Yo pensé que ese día yo me alegraría mucho. De verlo morir. Yo pensé, muchas veces, que alguien como ese hombre tendría que sufrir en vida para pagar todo lo que hizo y lo que ordenó hacer. Pero no. Murió convencido de haber hecho lo correcto y rodeado de las mejores atenciones. No sufrió. Se confirmó que es falso que en esta vida, todo se paga. Que lo que se hace, se devuelve. Que el bien siempre triunfa al final. Esas son frases vacías que vende la tele.
Y las víctimas. Yo me imaginaba un fiestón y me sorprendió ver el silencio con que se recibió la noticia. No se abrieron botellas de vino, no hubo gritos de alegría, no sonó la voz de Víctor. No hubo asados, ni llamadas, ni nada por el estilo. Siguieron la transmisión de los acontecimientos, incluyendo la amenaza del ejército de un nuevo golpe si no le hacían un funeral de estado; en silencio.

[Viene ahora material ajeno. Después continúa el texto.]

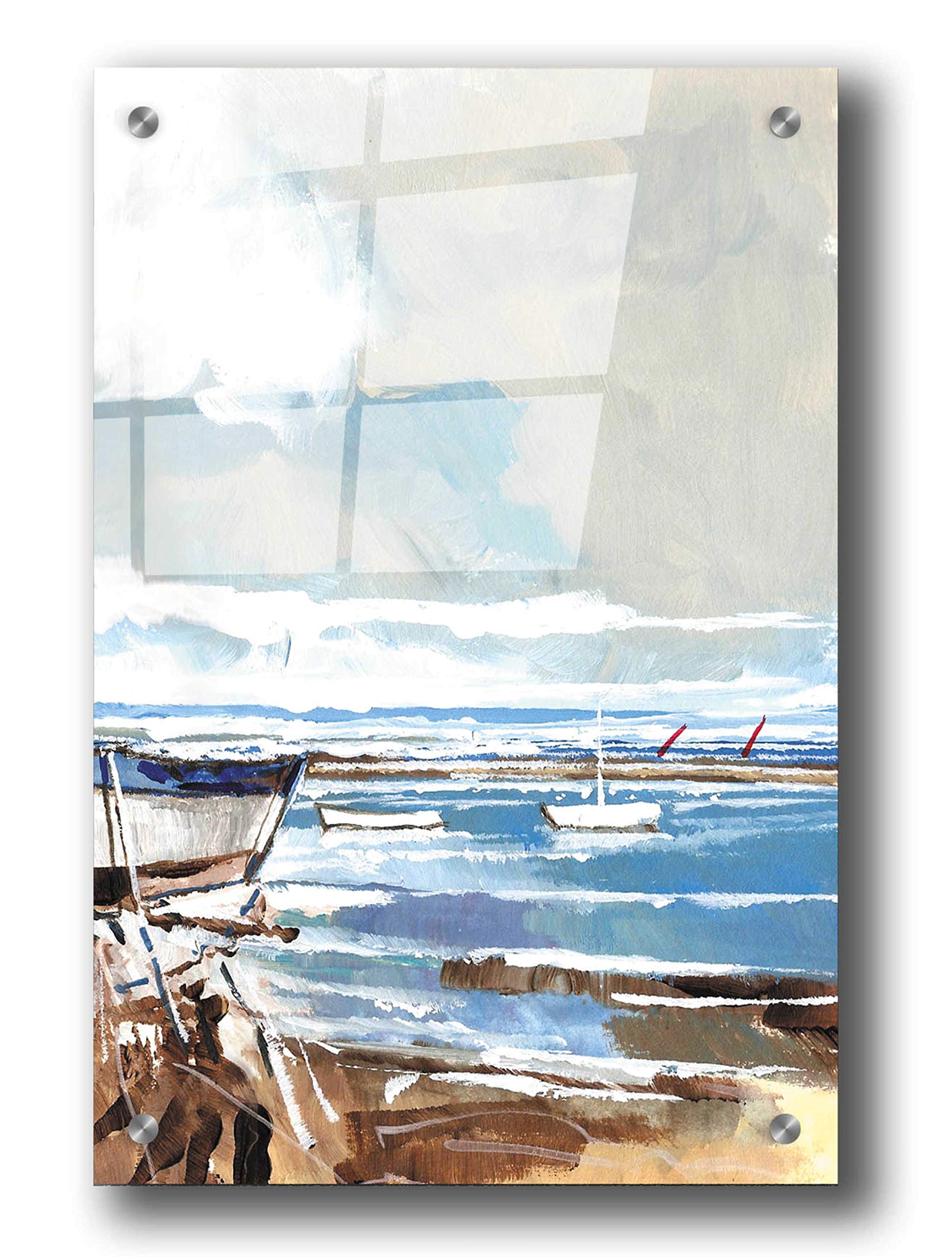 Stuart Roy 'Boat on Shore I' Acrylic Glass Wall Art - 24x36 Inch Modern Coastal Painting for Living Room, Bedroom & Office Decor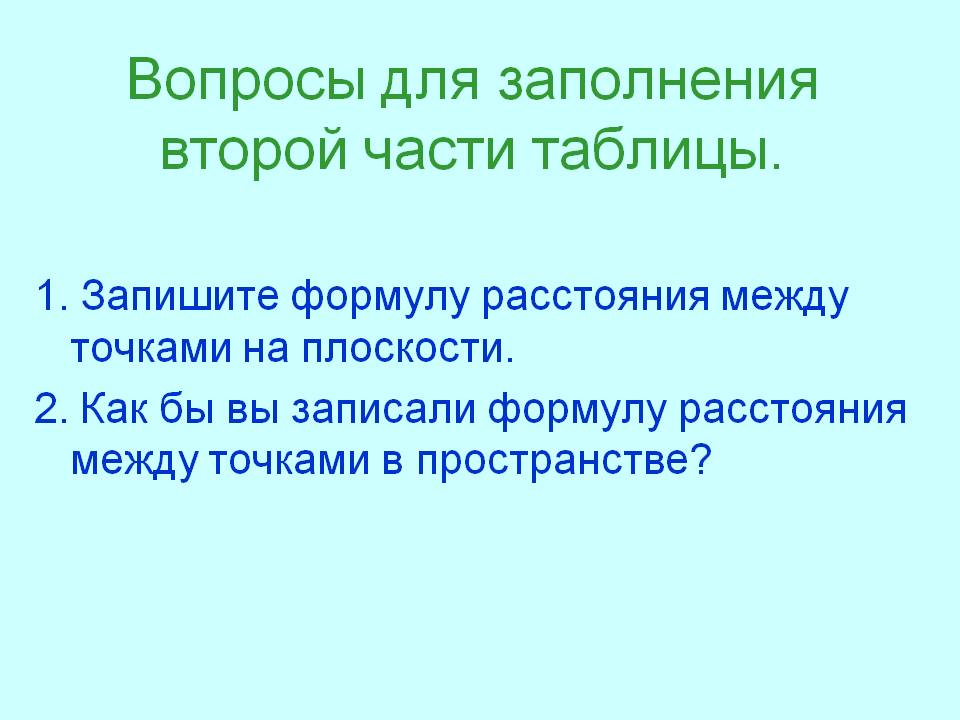 Вопросы для заполнения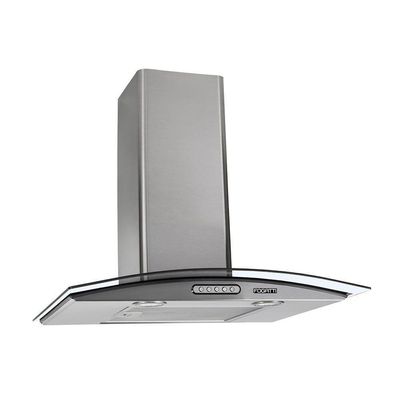 Coifa De Parede 60cm Vidro Curvo Duto Slim Fogatti Inox 220V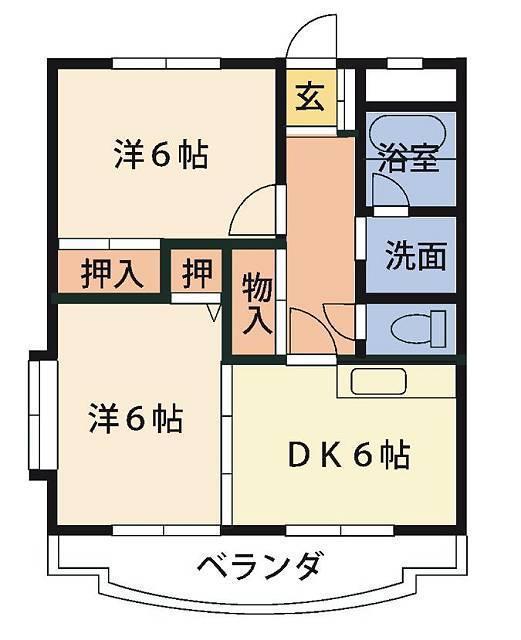 エール・アヴェニュー(2DK/3階)の間取り写真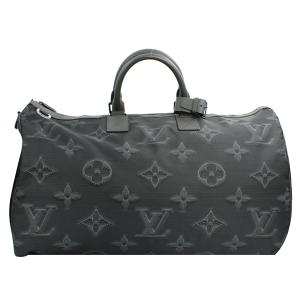 LOUIS VUITTON ルイヴィトン バッグ キーポル バンドリエール リバーシブル50 LV2054 ナイロン モノグラム ブラック×グリーン ブラック金具 M45602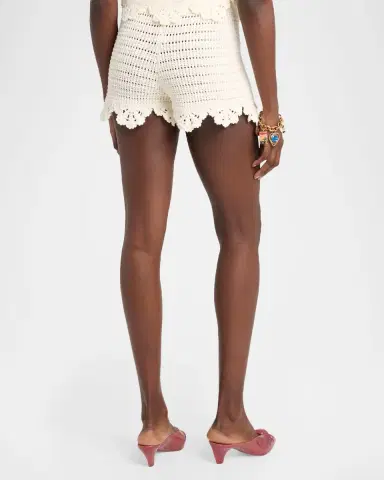 Chloé Organic Cotton Crochet Knit Shorts | Thumbnail 3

Hoy, por cosas que pasan en la vida y particularmente por la muerte, lo entiendo. Me llaman a decirme que se está muriendo y yo me reviso por dentro y no siento nada. Nada. Me dicen que hizo mucho por mí cuando estaba chiquita. Es cierto. Pero también es cierto que lo pagué en sangre. De él aprendí que era cierto que hay personas malas en el mundo, aprendí los juegos de poder, las manipulaciones, las intrigas, las amenazas, los castigos, los efectos devastadores de la competencia y de las preferencias, los primeros ataques de pánico. Aprendí a quedarme callada cuando pasaban cosas que aun revivo en pesadillas, supe que el dinero compra silencios cómplices de cosas terribles. Me enseñó que la crueldad puede arruinar cualquier fecha, paseo o viaje, que las cosas se dirigen por plata, que la mentira funciona.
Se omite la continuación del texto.